I didn’t know if my Mandarin translation was any good, but Duo Duo threw her head back and let out a throaty laugh. For a moment I could see her high, tan Tibetan cheek bones under the sun, her coarse hair drop, and her eyes shine the way only a mountain child’s would.

Duo Duo took me to her family. I accepted a golden khata, washed my hands at the well, and patted my forehead three times before entering the house. Duo Duo invited me to the second floor, which was reserved for children and unmarried youths; I played her random songs on my iPod and showed her photos of Bryn Mawr. She thought Rockefeller looked like a castle and said she had never seen anything like it. I told her it was because she hadn’t seen the Harry Potter movies yet.

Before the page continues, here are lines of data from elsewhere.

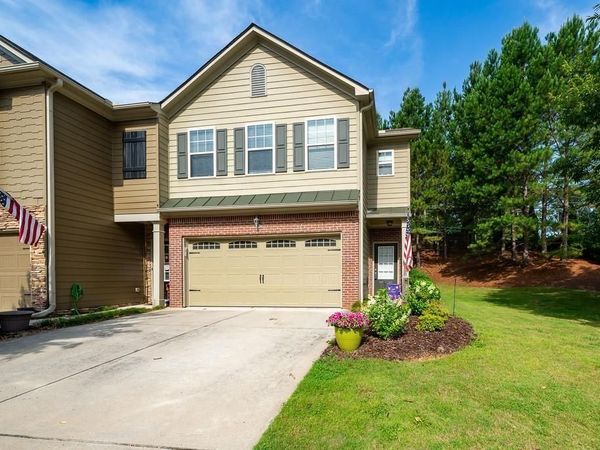 120 Sunset Lane , Woodstock, GA 30189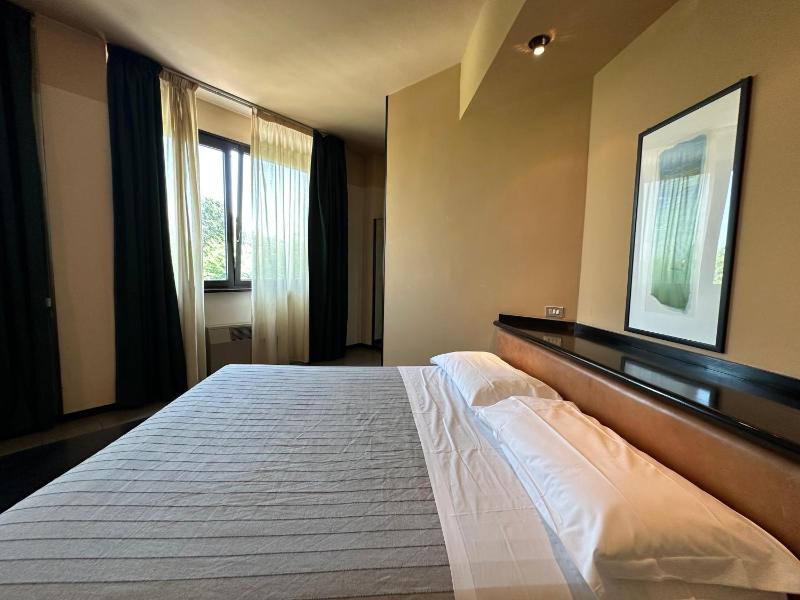 Superior Double Room image 3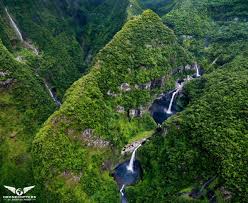 La Vallee De Takamaka Et Ses Cascades A L Ile De Lareunion Paysage Reunion La Reunion Beau Paysage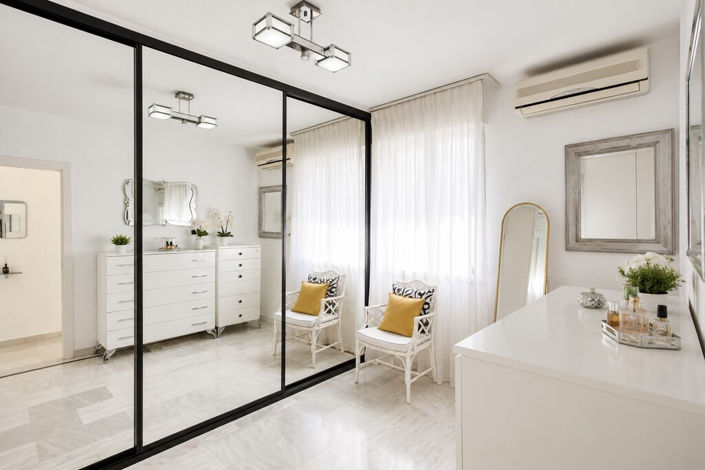 Image No.19-4 Bed Villa for sale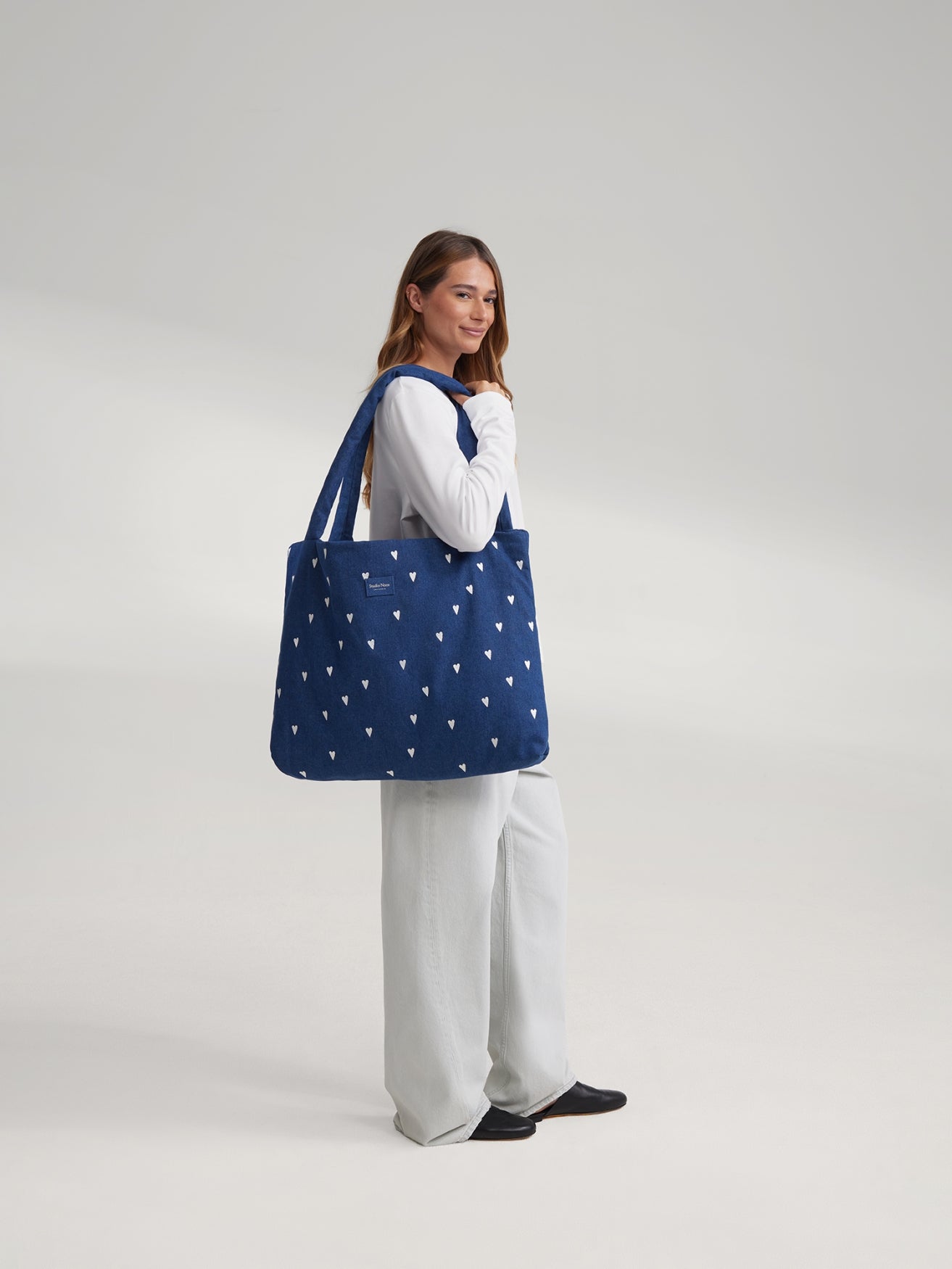 Studio Noos Denim Mom Bag Dunkelblau Hearts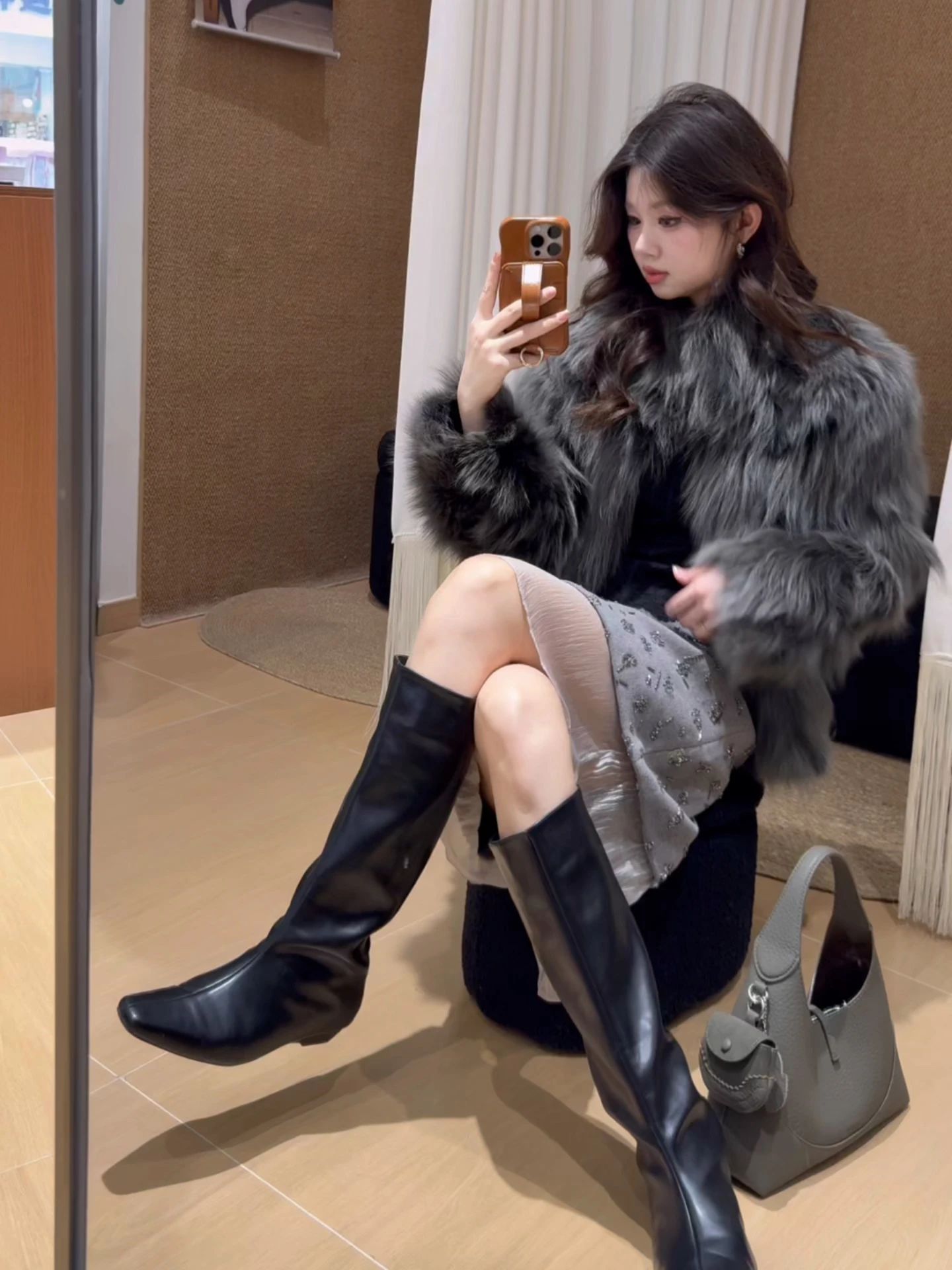 皮草面料 O型 裘毛袖 无烟煤色 黄貂鱼 灰色萤石  - VALI鞋履AI设计主图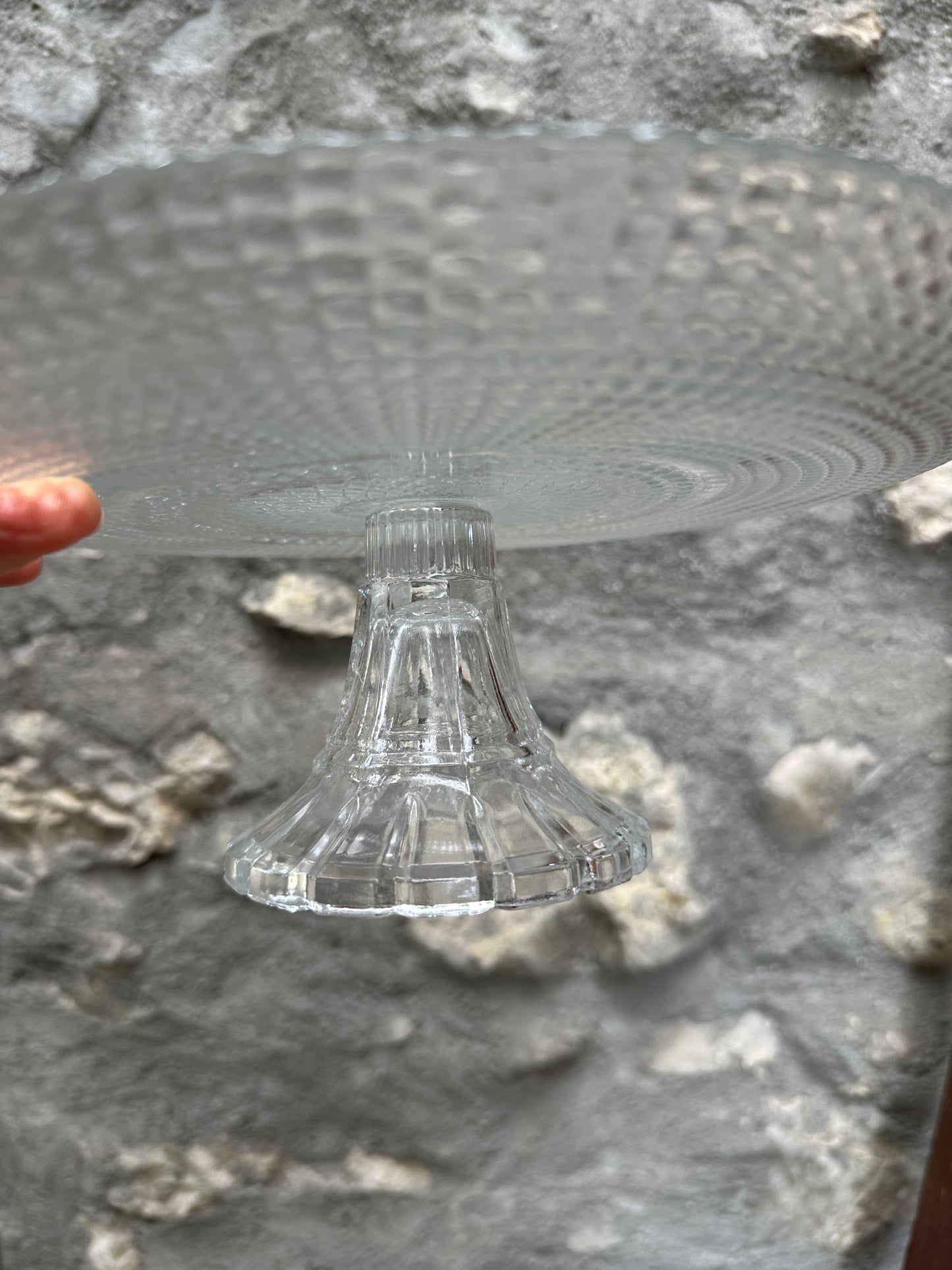 Plat sur pied en verre moulé De Raymonde à Zoé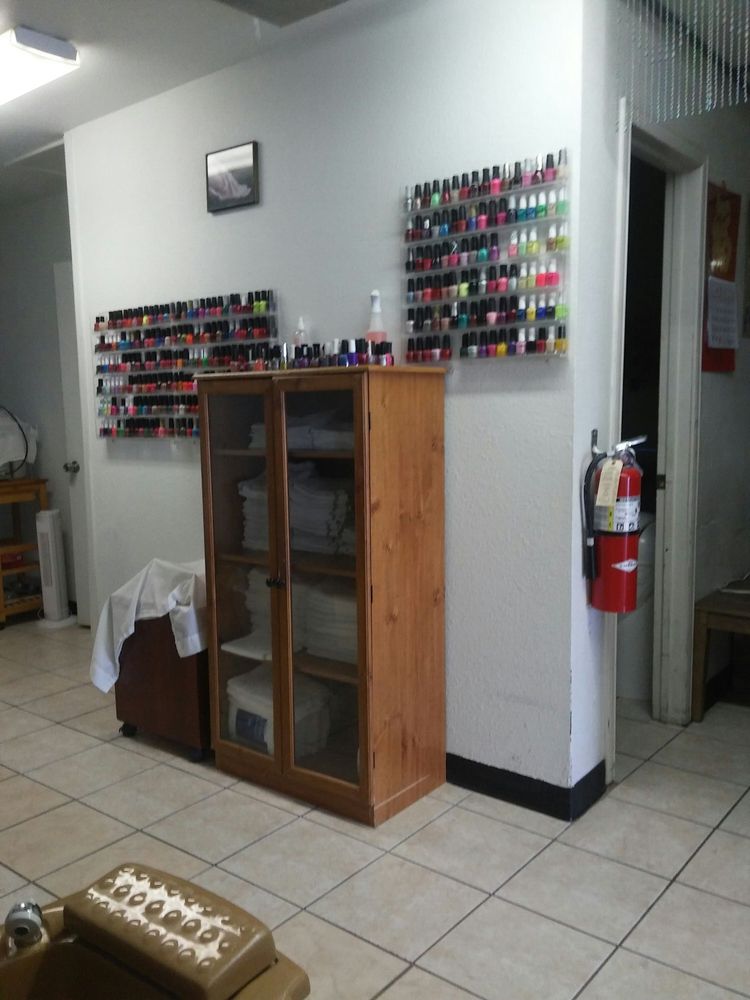 Famous Nails Nail Salons 636 Sw Wilshire Blvd, Burleson, TX Phone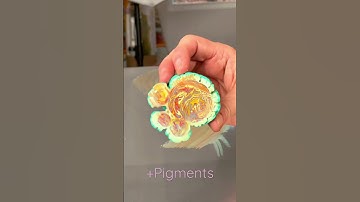 How encaustic artist Laura Moriarty makes work #unintentionalasmr #beeswax #satisfyingart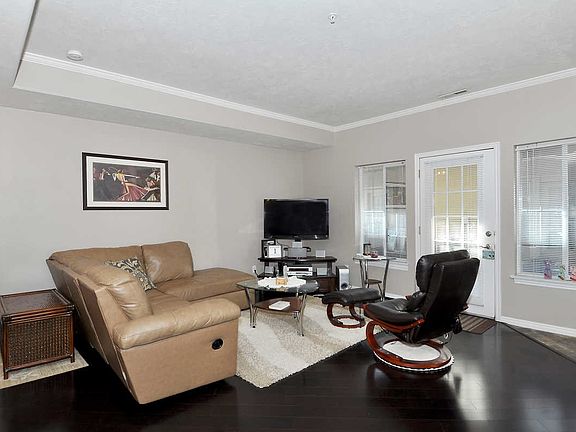 4th image of 379 E 600 S APT 17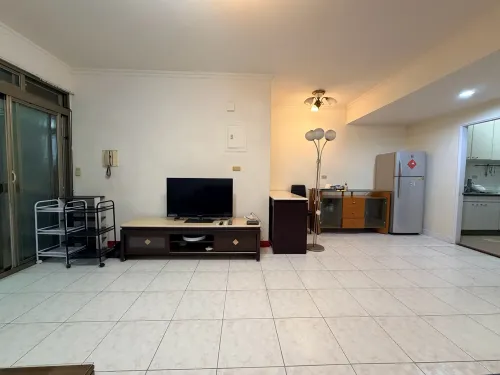 Apartment for rent NT$ 42 000 - Lane 76, Section 1, Zhonghua Road - 3 bedrooms
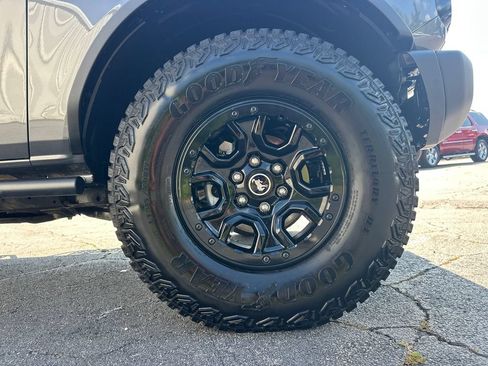 Used 2025 Ford Bronco Badlands AWD/4WD image 13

We sang for hours on the mountain and bowed our heads before colorful flags around a house. Duo Duo said the house was having a Tibetan funeral and told me all of their glorious posthumous ways, including one in which the body was chopped into pieces on the mountain top for hawks to feast on. Only the most generous and benevolent received the hawk sky burial. The person who chopped the body up inherited all the dead man’s money because “life ends where it is, and [Tibetans] don’t linger and don’t leave things behind.”

I understood then, what I loved—love—so much about this land of harsh midday sun and frosty nights. Tibetans were free, politics be damned. They sang their hearts out and they loved to the fullest. I had admired them for living in such difficult natural condition but only then did I realize they lived because of it. Their gods protected them and gave them their long lives and their unrelenting resistance.

I met a man who had been orphaned since he was ten; he slept on his horse; his eyes blazed because no hard labor, no giant Chinese character signs with tiny Tibetan subtitles like an afterthought in Lhasa could take his hawk song from him.

I left Tibet on a beautiful day. The sky was blue and crisp. I wore four khatas around my neck when I boarded the flight to Chengdu. Defiantly colorful Tibetan prayer paper twirled in the wind. I felt free.